14.Bölüm

3.7K 130 24
                                    

Heyecanlı bir şekilde yutkunup aynadan son kez kendime baktım karşımda duran ben o kadar umutlu, o kadar heyecanlıydı ki bir an önce üç gündür görmediği Alpi görmek için can atıyordu.

Ve ben gerçekten de umutluydum. Artık önümde aşılmaz bir engel yokmuş gibi geliyordu. Evet, Alp bir öğretmendi hayır tabiki sadece bir öğretmen, basit kalır o bir üniversitede profesördü. Eğer birileri onun adını benimle ansa, o kadar yıllık emeği boşa gitmiş olucaktı. Hem de benim için benim onun için değerim ne kadardı bilemiyordum. Ama severek aşık olarak yaptığı işini benim için tehlikeye atabilir miydi? Emin değildim.

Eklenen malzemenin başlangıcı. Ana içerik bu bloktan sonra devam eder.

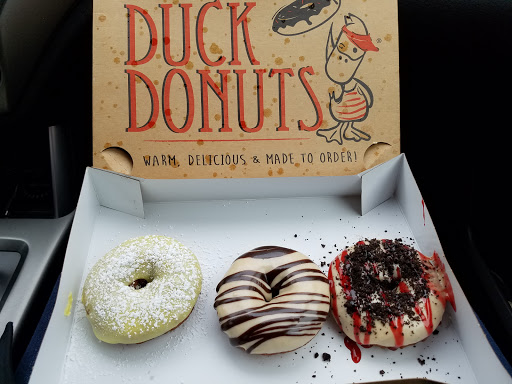 Donut Shop «Duck Donuts - Chocolate Avenue», reviews and photos, 261 W Chocolate Ave, Hershey, PA 17033, USA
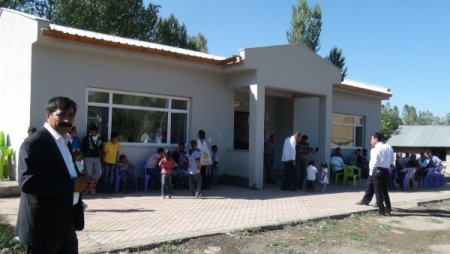 Japonya Büyükelçiliği ve Hüsnü Özyeğin Vakfı'ndan Tatvan’a çok amaçlı salon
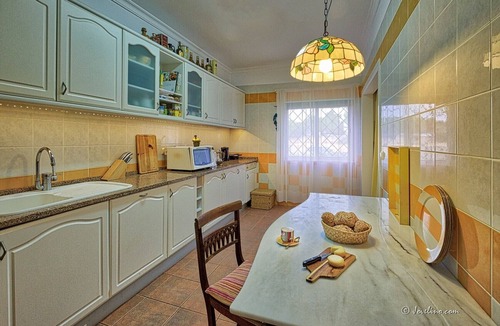 Poco Partido House | Holiday Home 'Jo's Place' with Shared Pool, Private Terrace and Wi-Fi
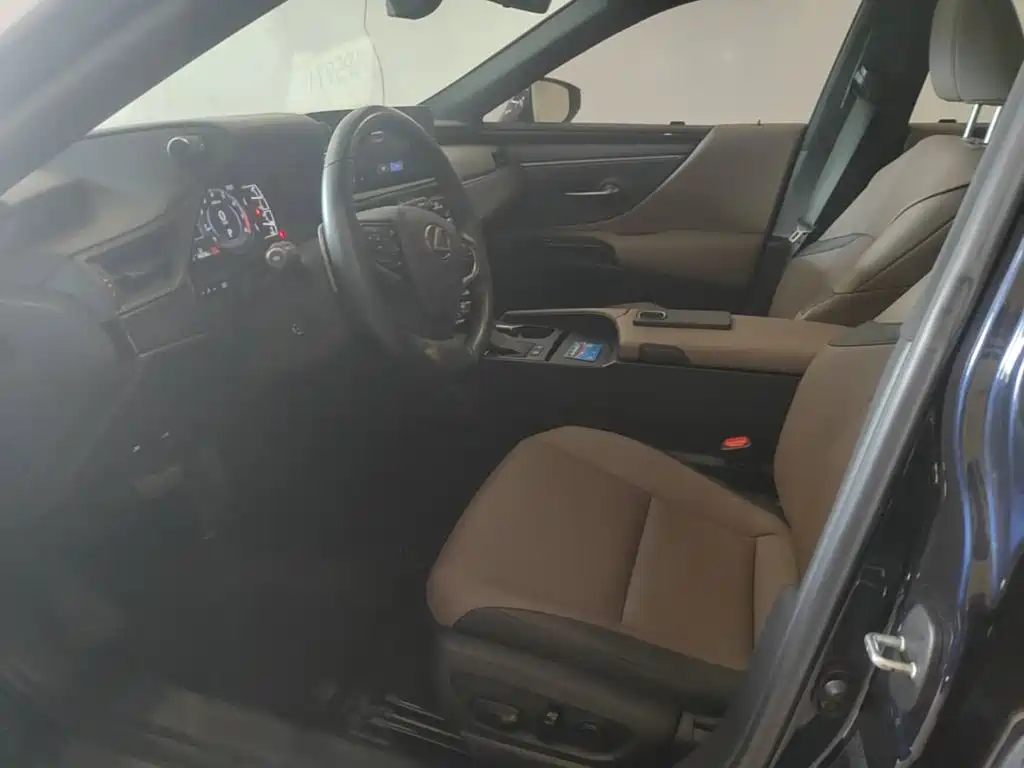 Lexus ES — миниатюра 15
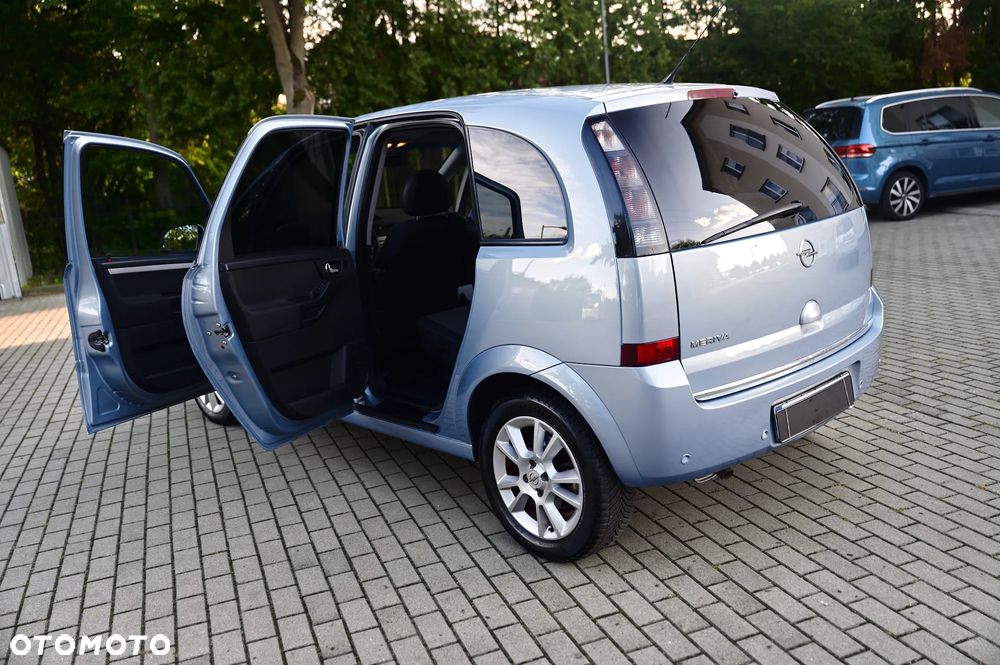 Opel Meriva 1.8 16V Essentia Easytronic - 20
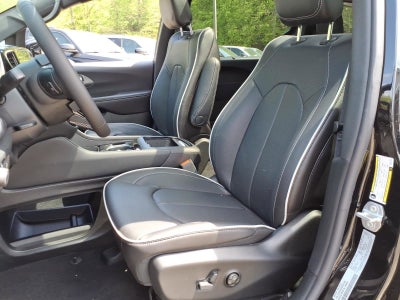 2027 Chrysler Pacifica Limited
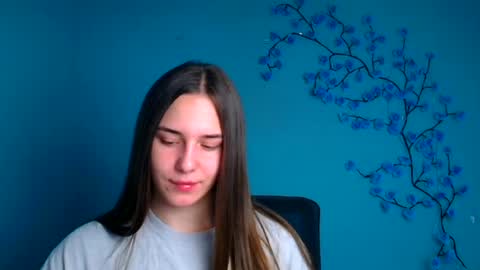Snapshot of nykara chatting on 06.27.26 Nykara online show from 06.27.26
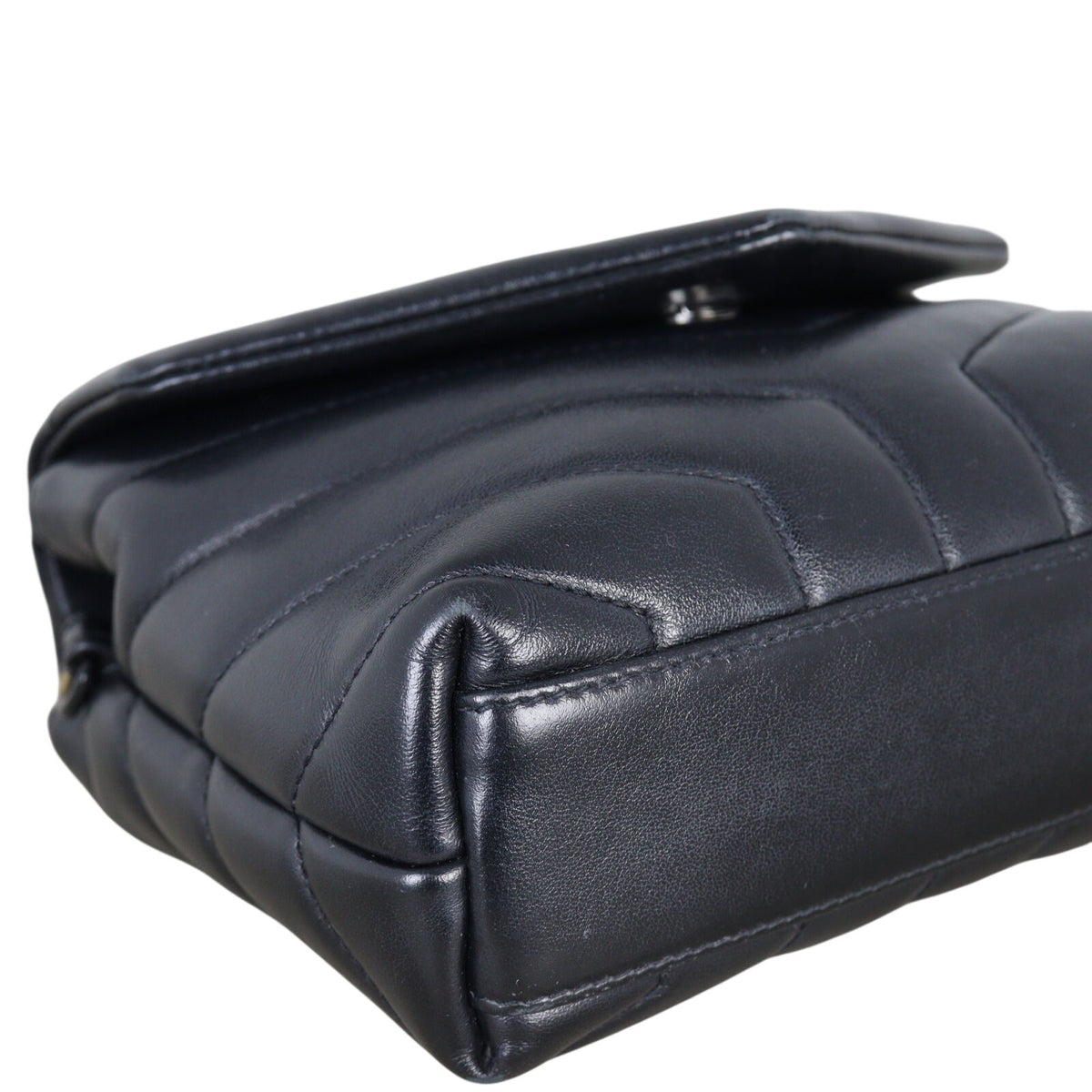 Saint Laurent Toy Loulou_IMG_9578.jpeg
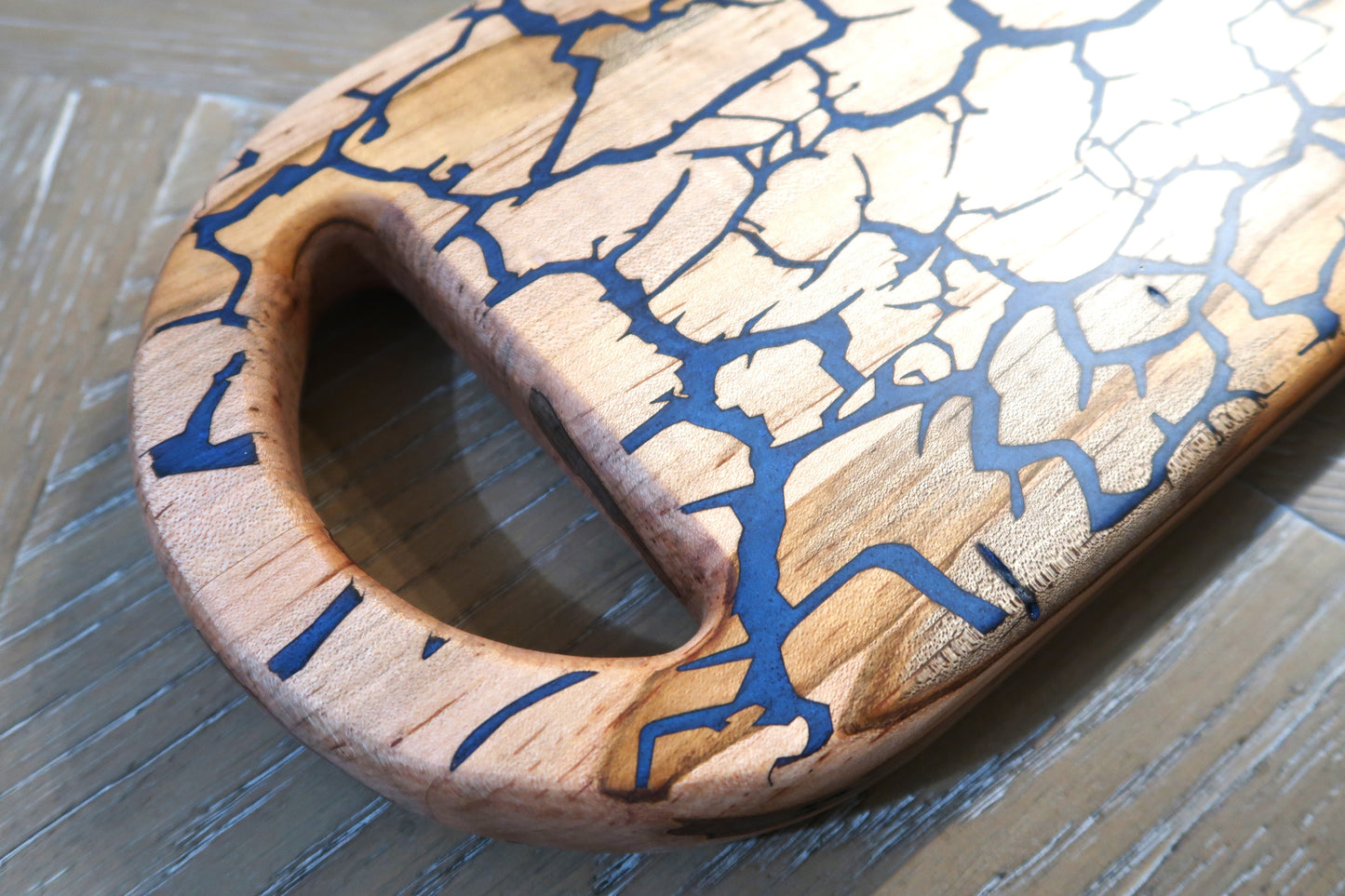 AMBROSIA MAPLE WITH RESIN GROUND CRACKS EFFECT SERVING BOARD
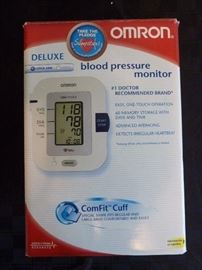 BP monitor/blood pressure monitor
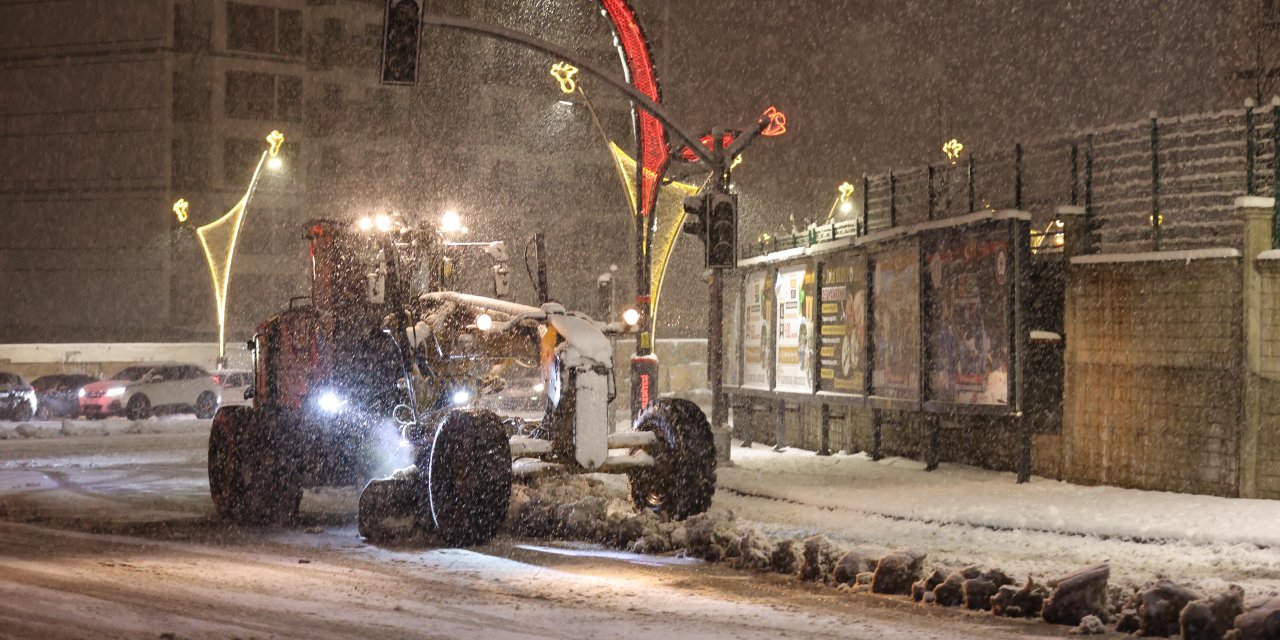 Bingöl- Erzurum Kara Yolu Tır Trafiğine Kapatıldı (2)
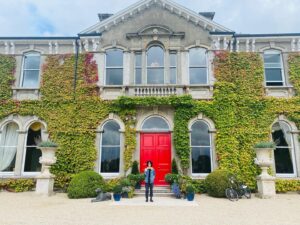Jenna Laurenzo Instagram - Escape to @lyrathestate ✨🍀
.
.
.
Wild hair, selfie fails, good food, long runs, writing, meditation, #glutenfree beer, rest, relaxation, and obviously whiskey 🥃 while squeezing in the occasional hotel room audition for @lfeins 😂 and finishing a script ✍️ with the luck of the Irish ☘️ 
.
.
.
#ireland #irishwhiskey #kilkenny #screenwriting #travel #glutenfree #peroni #running #writing #travelgram #wanderlust #love #loveislove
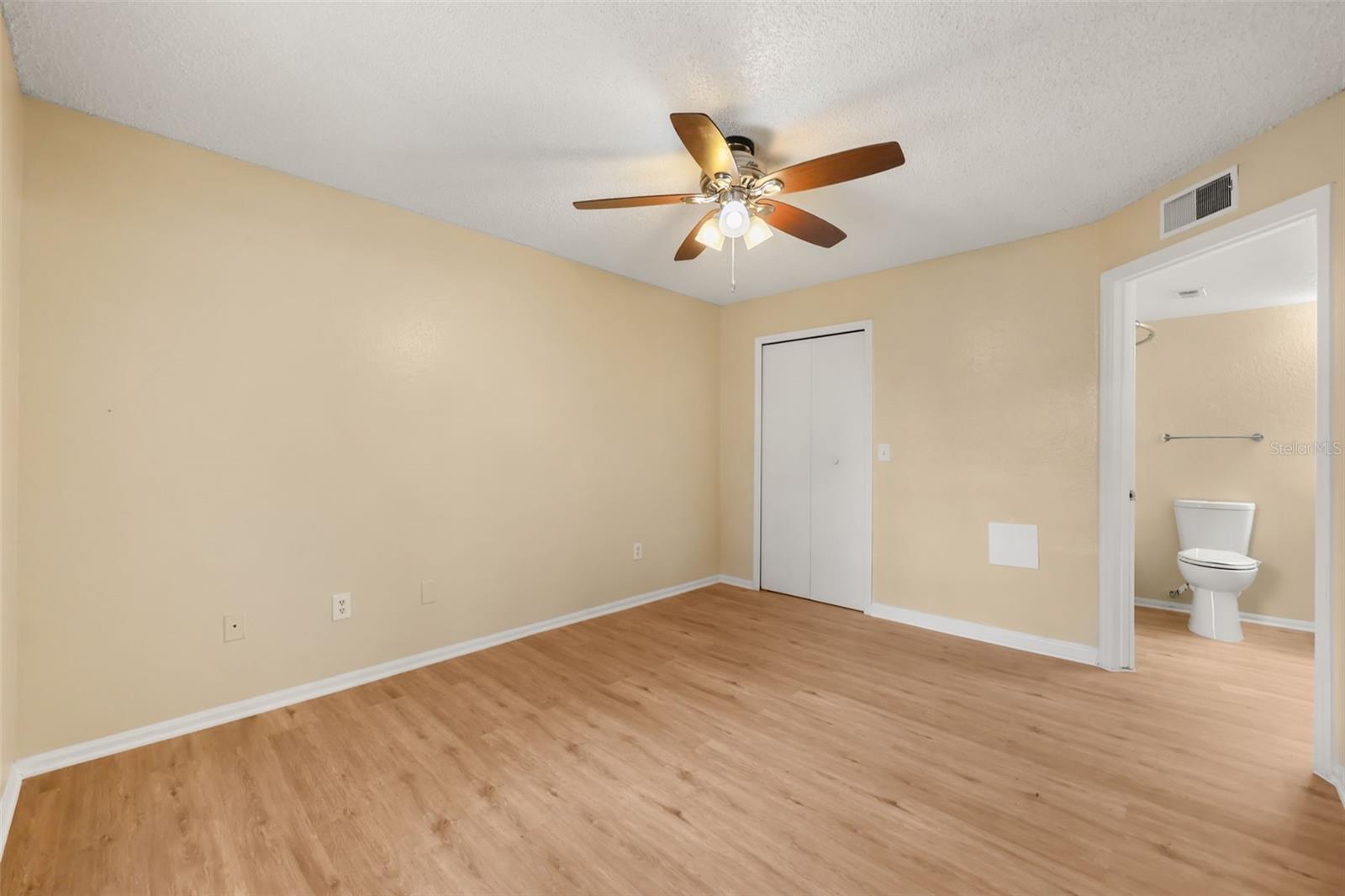 2214 METROPOLITAN WAY, #1034, Orlando, FL 32839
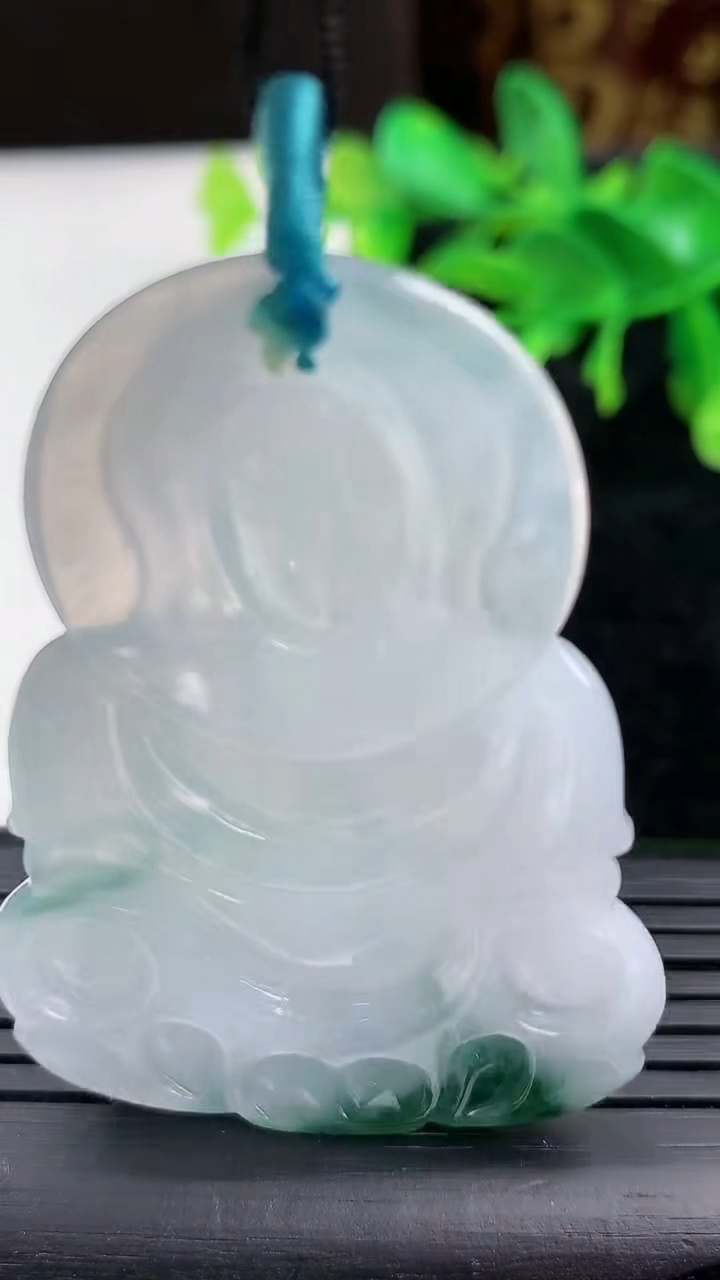 天然A货翡翠飘花观音菩萨吊坠尺寸53.6-37.4-5重量:19.33g
3月9日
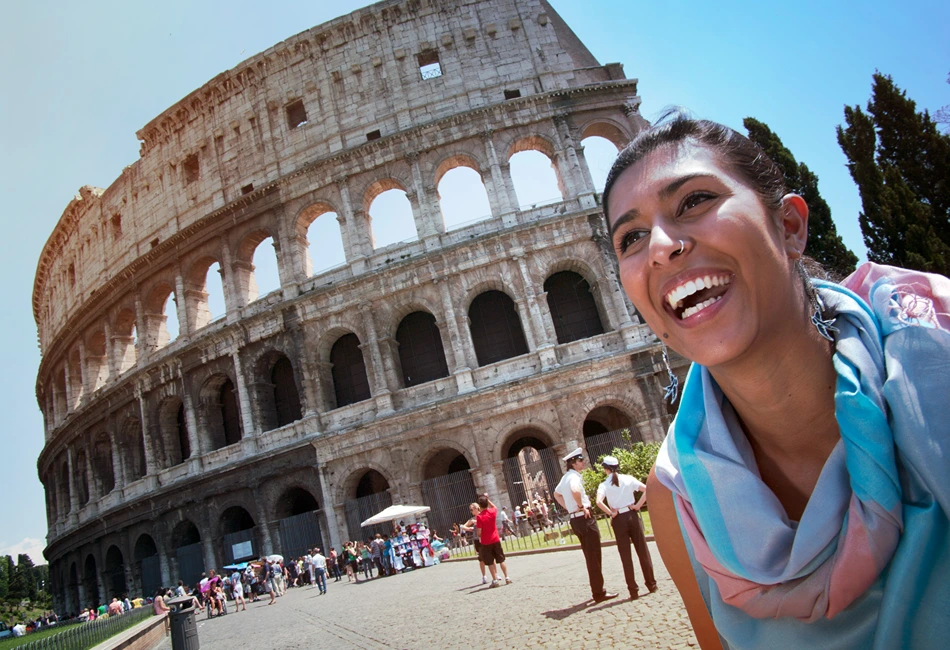 Italy Rome Colesseum Traveller Ritu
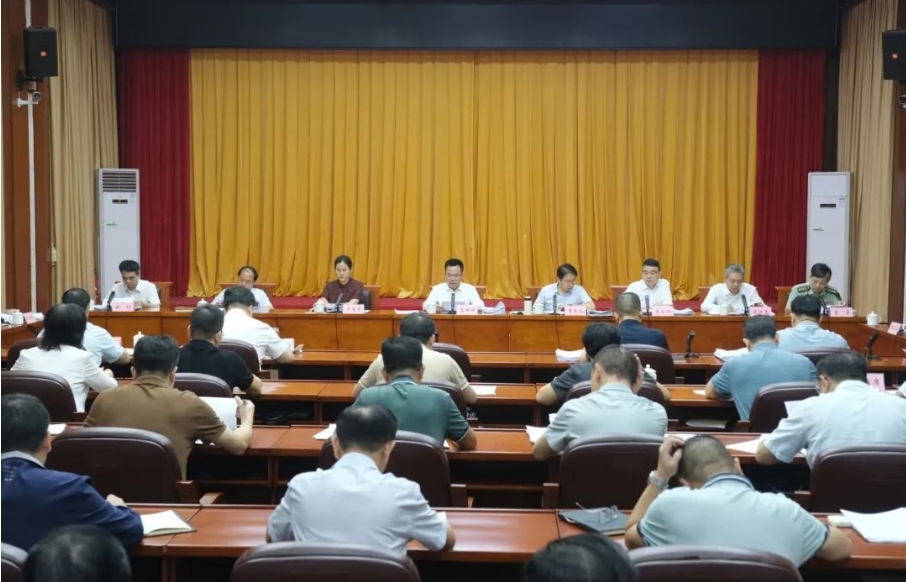 百色市召開(kāi)創(chuàng)建國(guó)家高新區(qū)規(guī)劃專題研究會(huì)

Derin bir nefes alıp, son kez aynadaki yansımama bakıp gülümsedim. Her şey çok daha güzel olucaktı buna inancım tamdı.

Kapıya çıkıp Duruyu beklemeye koyuldum. Mesaj atmıştı bana beni alıcağına dair, bir de çok özlediğini yazmıştı deli kız. Neyse ki beni kapıda çok bekletmeden göründü onun kişiliğiyle ters düşen pespembe arabası.

Önümde durunca uzun uzun kornaya basmayıda ihmal etmemişti. Resmen bütün sokağın onun cafcaflı arabasını görmesi için elinden geleni yapıyordu. Yolcu koltuğuna binip "basma şu kornaya Duru bizi rezil ediceksin" diye endişeyle inledim.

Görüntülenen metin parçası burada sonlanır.